## REQUIRED WORK
Copy out exactly the lines below that run from the one holding "What happened was, as" to the one holding "Well, how y'all", keeping both of those lines and no others.

## DATASET EXCERPTS
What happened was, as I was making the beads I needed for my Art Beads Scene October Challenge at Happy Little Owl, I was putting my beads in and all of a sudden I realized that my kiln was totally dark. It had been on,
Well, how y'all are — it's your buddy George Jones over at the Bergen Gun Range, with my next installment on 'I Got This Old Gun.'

--

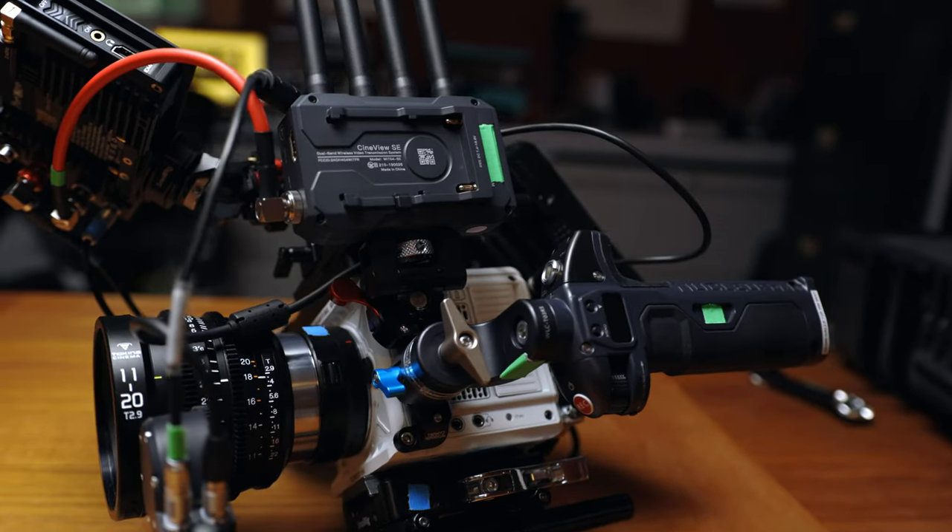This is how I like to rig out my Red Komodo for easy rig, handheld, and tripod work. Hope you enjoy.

## RESPONSE TO THE EXERCISE
What happened was, as I was making the beads I needed for my Art Beads Scene October Challenge at Happy Little Owl, I was putting my beads in and all of a sudden I realized that my kiln was totally dark. It had been on,
Well, how y'all are — it's your buddy George Jones over at the Bergen Gun Range, with my next installment on 'I Got This Old Gun.'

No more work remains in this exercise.